Input data.
◆ ◆ ◆ ◆ ◆ ◆ ◆
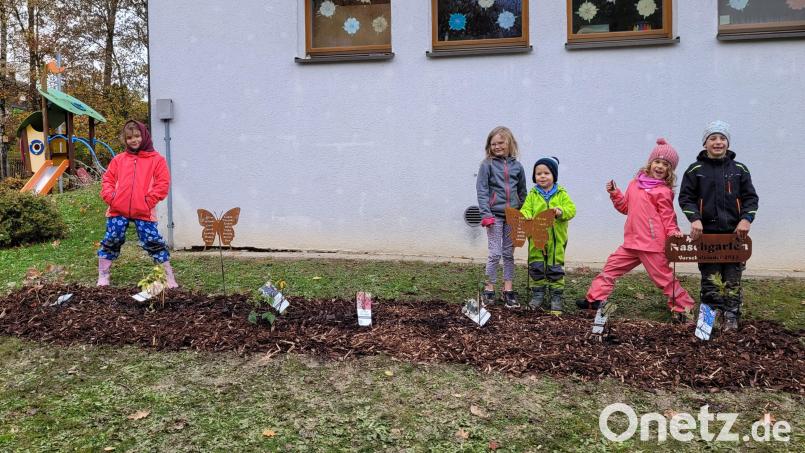 Stolz präsentieren die beteiligten Kinder das mit Beerensträuchern bepflanzte Beet im Garten des Kinderhauses St. Michael in Waldsassen. Bild: Kinderhaus St. Michael Waldsassen/exb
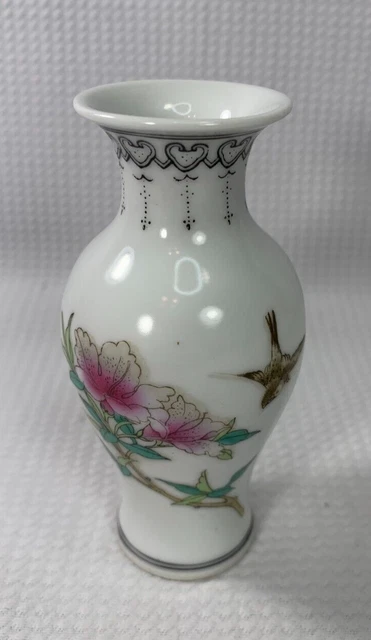 Vtg Chinese Jingdezhen Zhi Hand Painted Miniature Porcelain Vase Birds & Flowers
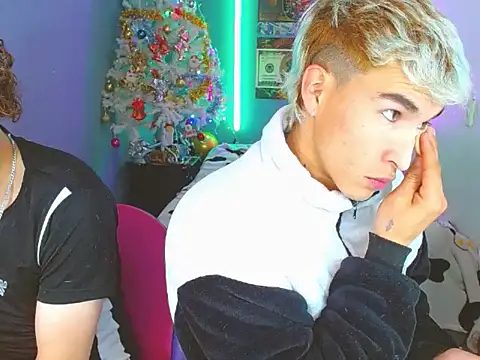 Latin boysxxxx online show from November 2025 01:20:01 AM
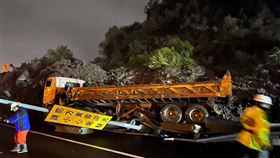 國1汐止南下　走山　圖／翻攝自國道公路警察局　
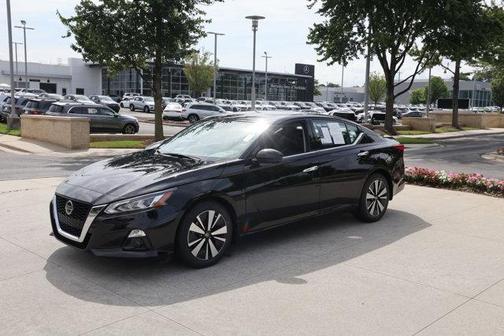 2022 Nissan Altima 2.5 SL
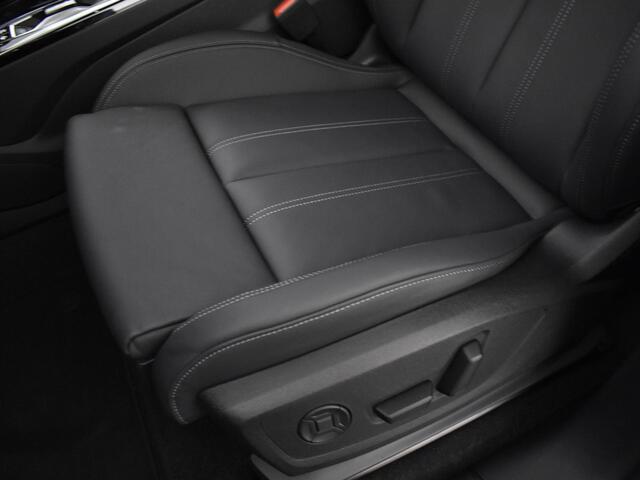 Audi Q6 e-tron Launch edition quattro 100Kwh 388 PK · Panorama dak · Assistentiepakket Veiligheid · Tech Pro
◆ ◆ ◆ ◆ ◆ ◆ ◆
Task goal. Leaving out all pictures, print exactly the lines above from the one containing "Latin boysxxxx online" through the last line of the entries.

Expected answer.
 Latin boysxxxx online show from November 2025 01:20:01 AM
 國1汐止南下　走山　圖／翻攝自國道公路警察局　
 2022 Nissan Altima 2.5 SL
 Audi Q6 e-tron Launch edition quattro 100Kwh 388 PK · Panorama dak · Assistentiepakket Veiligheid · Tech Pro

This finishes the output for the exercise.